• [Problem]:
Set down each entry as it stands. Skip the pictures.

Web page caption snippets
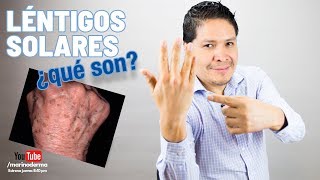 SPOTS ON YOUR HANDS? SOLAR LENTIGOS? II CAUSES II TREATMENTS II DR. MARINO, DERMATOLOGIST
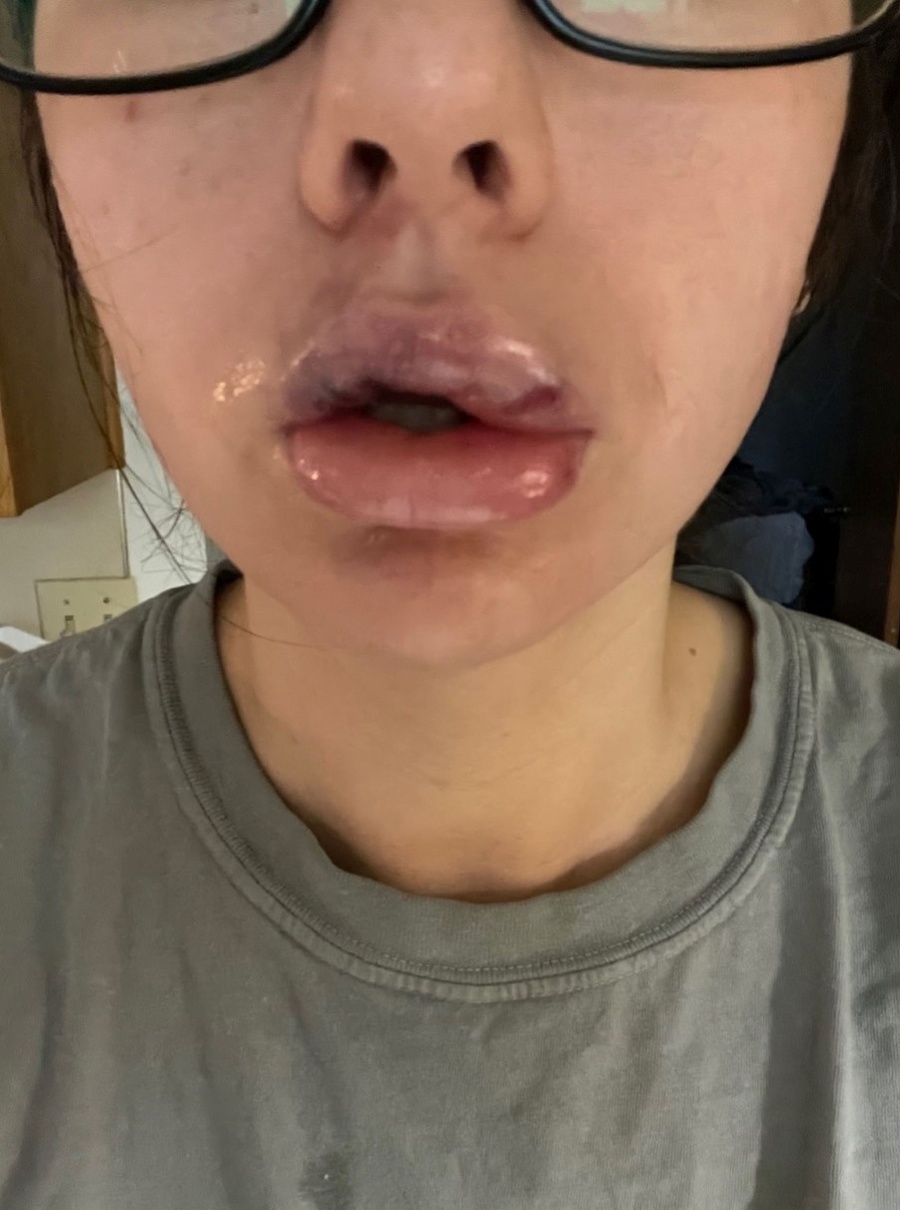 Paige Bellingerová takmer prišla o polovicu tváre.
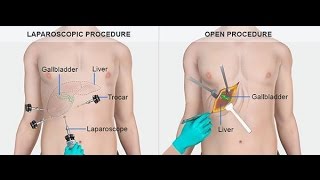 What are Gallstones Causes Symptoms  Treatment of Gallstone [upl. by Aneehc]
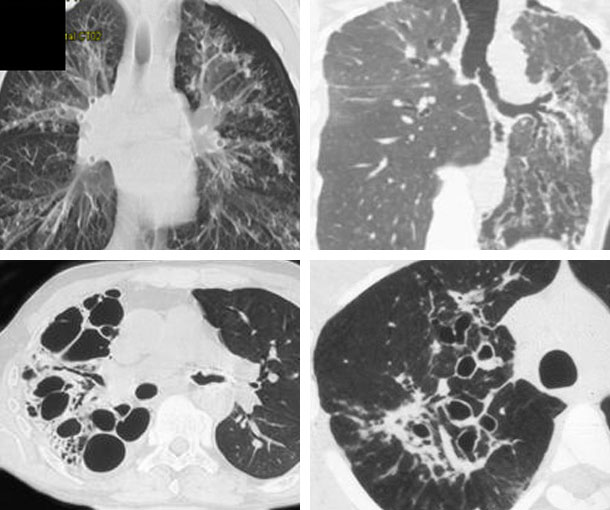 Bronchiectasis CT Findings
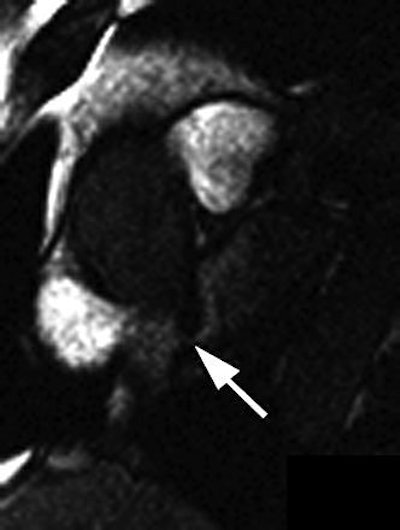 2005 01 07 14 35 22 706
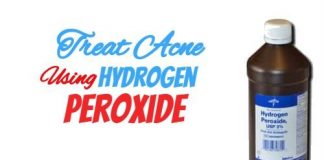 Treating Acne Using Hydrogen Peroxide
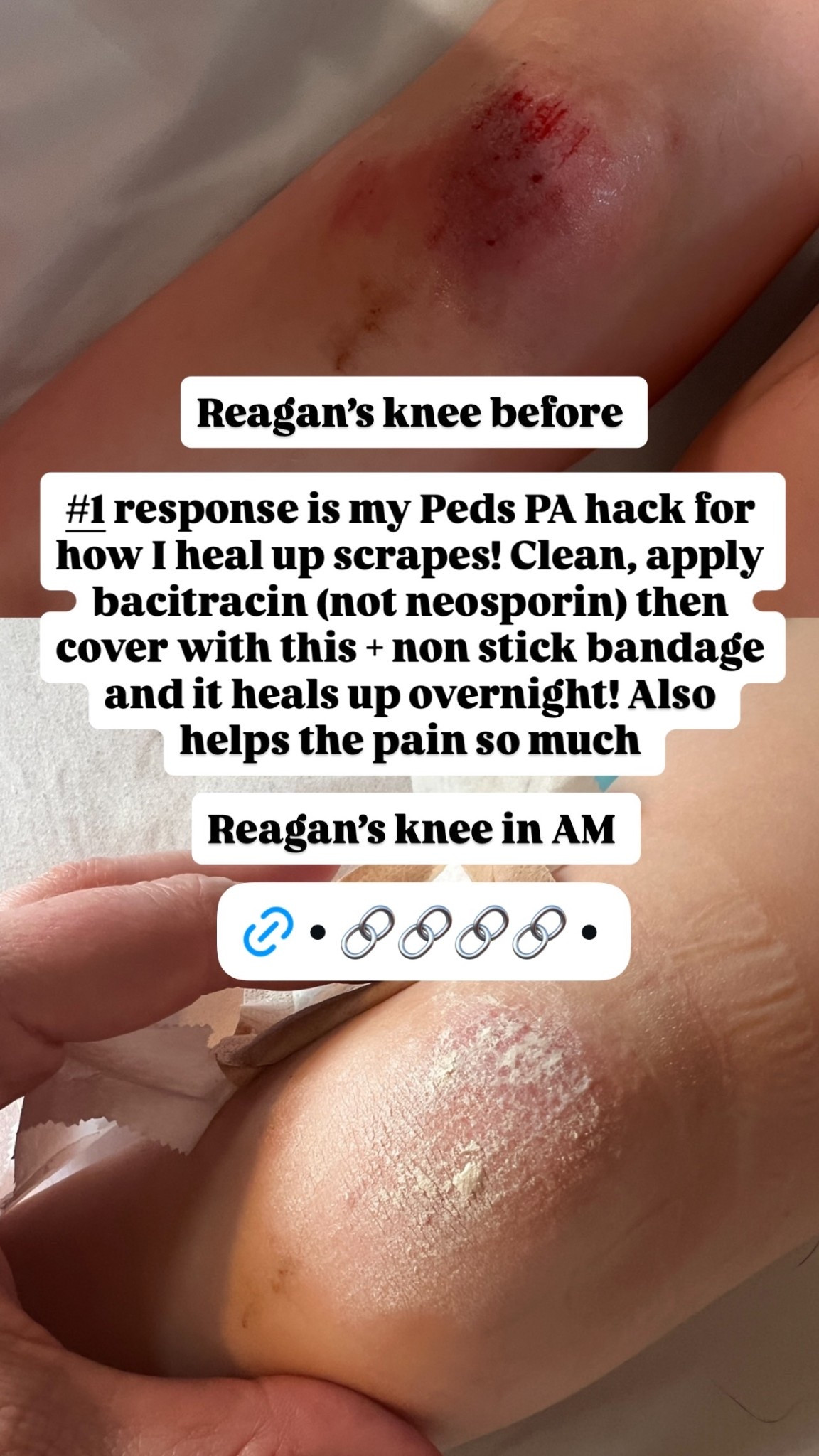 Reagan’s knee before  Reagan’s knee in AM  #1 response is my Peds PA hack for how I heal up scrapes! Clean, apply bacitracin (not neosporin) then cover with this + non stick bandage and it heals up overnight! Also helps the pain so much

#LTKmomlife #LTKSeasonal #LTKKids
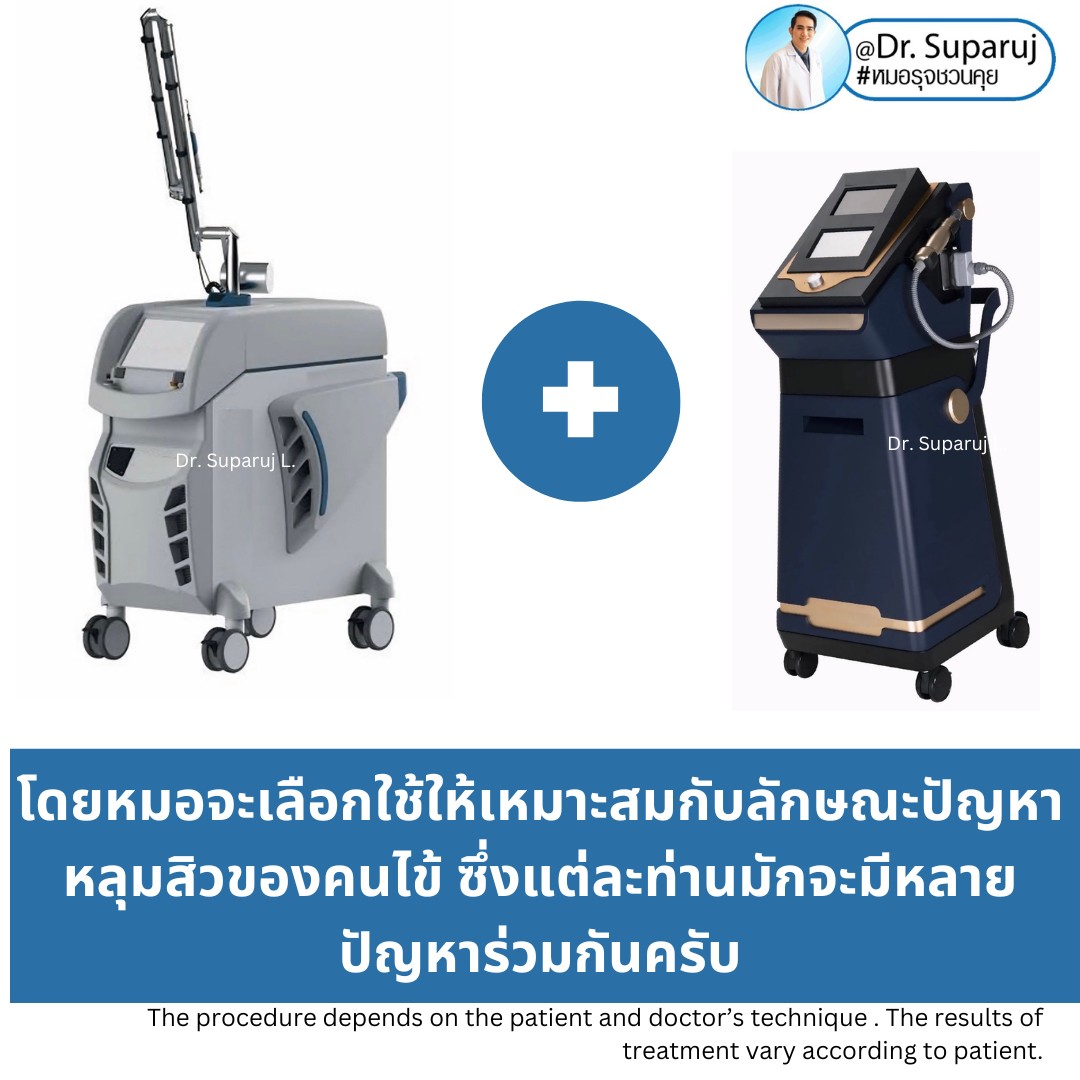 เทคนิคโปรแกรมรักษาหลุมสิว ที่หมอใช้บ่อยครับ เทคนิคโปรแกรมรักษาหลุมสิว ที่หมอใช้บ่อยครับ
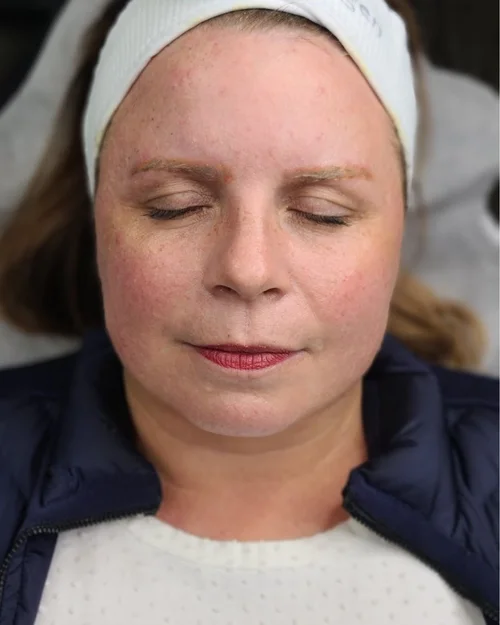 Progressive pigment fading and true undertone emerging &mdash; Le Kitsun&eacute; Manhattan brow removal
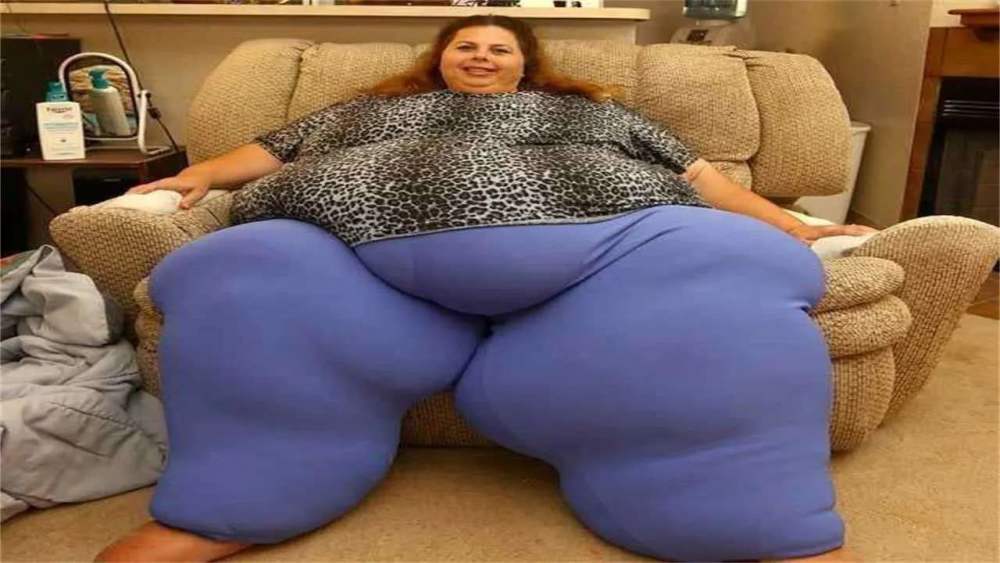 世界上最胖的人的照片图片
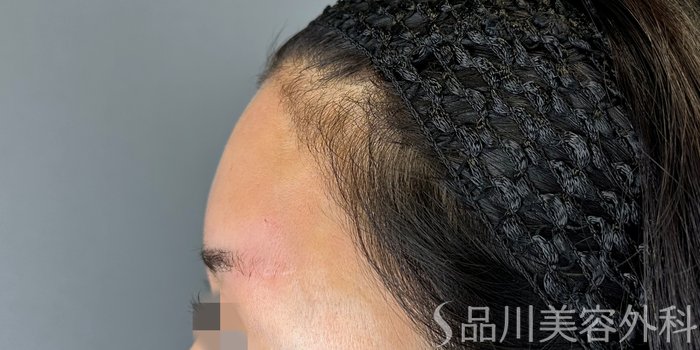 症例NO.66205のAFTER写真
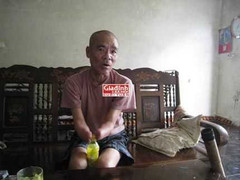 Người đàn ông muốn hiến mắt đổi lấy bản nhạc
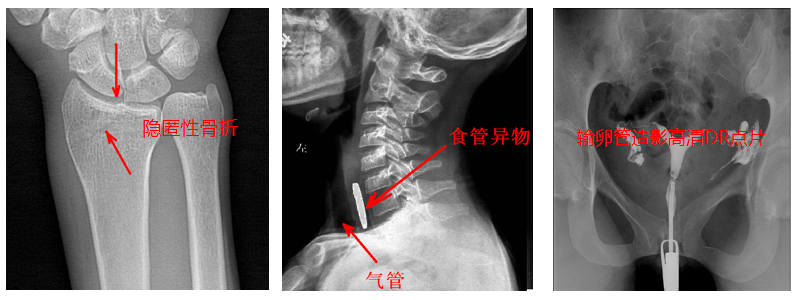 動(dòng)態(tài)DR機(jī)準(zhǔn)確點(diǎn)片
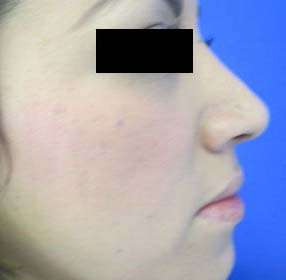 Rhinoplasty Before & After Patient #10225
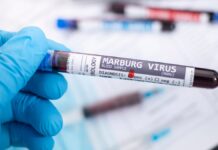 OMS declara “listos” los ensayos de vacunas contra virus de Marburgo OMS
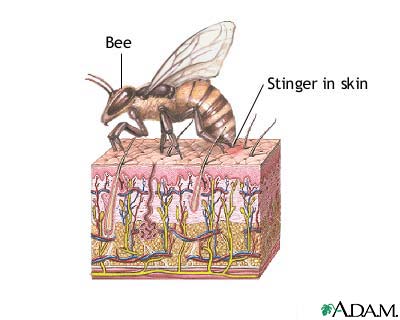 Bee sting Bee sting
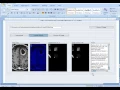 TSYS MEDICAL IMAGE PROCESSING PROJECT IN JAVA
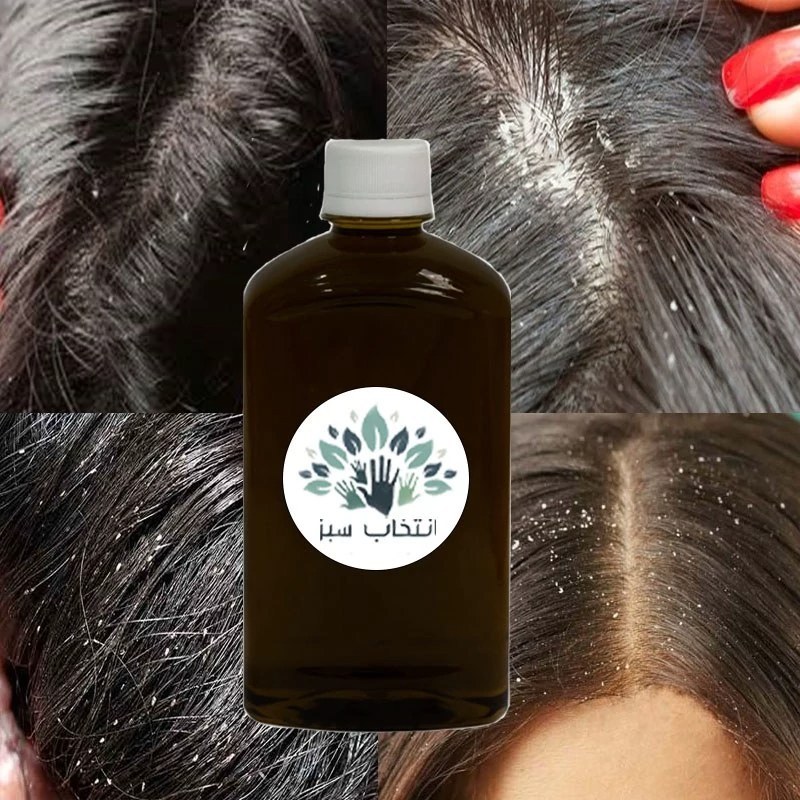 روغن ضد شوره 180cc با کیفیت تضمینی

• [Output]:
 SPOTS ON YOUR HANDS? SOLAR LENTIGOS? II CAUSES II TREATMENTS II DR. MARINO, DERMATOLOGIST
 Paige Bellingerová takmer prišla o polovicu tváre.
 What are Gallstones Causes Symptoms  Treatment of Gallstone [upl. by Aneehc]
 Bronchiectasis CT Findings
 2005 01 07 14 35 22 706
 Treating Acne Using Hydrogen Peroxide
 Reagan’s knee before  Reagan’s knee in AM  #1 response is my Peds PA hack for how I heal up scrapes! Clean, apply bacitracin (not neosporin) then cover with this + non stick bandage and it heals up overnight! Also helps the pain so much

#LTKmomlife #LTKSeasonal #LTKKids
 เทคนิคโปรแกรมรักษาหลุมสิว ที่หมอใช้บ่อยครับ เทคนิคโปรแกรมรักษาหลุมสิว ที่หมอใช้บ่อยครับ
 Progressive pigment fading and true undertone emerging &mdash; Le Kitsun&eacute; Manhattan brow removal
 世界上最胖的人的照片图片
 症例NO.66205のAFTER写真
 Người đàn ông muốn hiến mắt đổi lấy bản nhạc
 動(dòng)態(tài)DR機(jī)準(zhǔn)確點(diǎn)片
 Rhinoplasty Before & After Patient #10225
 OMS declara “listos” los ensayos de vacunas contra virus de Marburgo OMS
 Bee sting Bee sting
 TSYS MEDICAL IMAGE PROCESSING PROJECT IN JAVA
 روغن ضد شوره 180cc با کیفیت تضمینی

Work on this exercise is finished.